Some week in the later part of fall I cut a path into the forest about where the morning sun comes up, eastward. Most morning times leading up to the winter Solstice I find time to wander the woods, starting at that point. The path winds to the right and immediately through a second generation holly forest. That part of the wood entices me in dancy ways and I am eager to make special spaces out of it soon, next maybe.

Through to the other side of the hollies a clearing opens, and in the center of this expanse the path ends and eventually one of the women’s tents will go, in the clearing near a grand stand of several tall, older poplars. This, at the base of these old trees, is one of the spaces we use for public and open gatherings, and soon enough in our uniting with the Interfaith Partners for the Chesapeake more will experience it too I imagine. It’s become a simple, well-tended spot, as sacred to some members of our co-op as it is to me. Shady, safe, rooted spaces, the special veiled softness that lives under canopies where trees sigh. The quiet place in nature I always said I’d have for folks to come find stillness. Contemplate.

If you veer to the left before you hit the holly stretch and go off the trail, you are in lowland almost immediately where the earth is spongy and dotted with cypress knees and in certain places is perhaps on its way to becoming swamp. Traverse the lowlands with wise step and it brings you to a thriving fresh water creek, a tributary of the Pocomoke. If you follow the creek east and then go southward by only several yards there is a higher ground portion of the woods, netted together again by older poplars and some newer holly. The high ground opens directly into a proper cypress swamp, beautiful gullies swollen with fresh filtered, tannin-tinted waters, verdant and alive in the seasonal rains. The noise of nature here makes you arrive too at another clear sound. The audible silence in the wood.

Wild spaces. I am endlessly, profoundly but most of all simply put back in place by wild spaces. The season is turning early this year. Daffodil picking in February? I am sad to think the flowers in the forest that we will lose from the wintery weather tomorrow. I wander all this week back to this, third part of the woods, high ground beyond the elder grove where our fire circle is, closest to the public hunting area where our land meets conservation forest. This is another space, where the volunteer daffodils bloom now, a spring summer place when the forest runs unchecked and wild, that I imagine getting tended. Making into sacred sitting space. Ella, who’s alive and new every heartbeat that happens, mimics me in speaking words of love over our shared space of daffodil earth and air.

We are in the moon orbit that brings spring.

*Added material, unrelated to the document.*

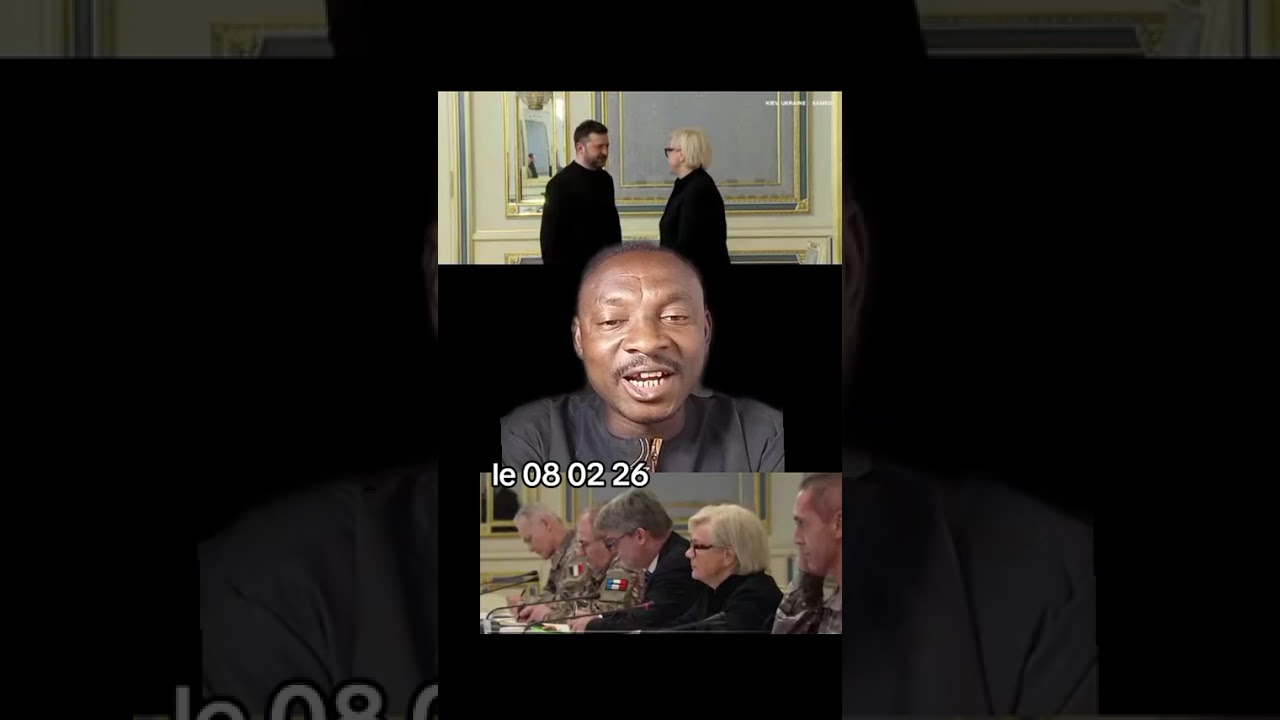 Ministre des armées de la France et en Ukraine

What lovely time of year to get to live.

I think of Bobby Ray often these days. He comes to me in living ways just before I sit with certain members. This morning I am delivered in my body with one woman, remembering the earliest years of my recovery in meditation at his house and with community. I’d get in my car to leave his place on the windy suburban backroads and back into the bustle of the DMV and just be like. I never ever knew life could be so full of peace, could feel so real and also good. The great simple joys of being wholly and safely in my body and connected to real life. Recovery. I talk this woman into this field of ideas, I am grateful for this, this woman and this work, the very chance to speak with her, whispering some form of prayer words into the air and space she and I get to share remembering the elders who taught me, and who prayed. I think of month two of the year, and the principle of open-mindeness. How I grow with the concept, use it lately to also experience the eyes of my heart opening in different spots.

It is a good time to be living. Lent comes. The synchronicities with this. Show up to the page get writing bc you can and be alive in, thankful for this.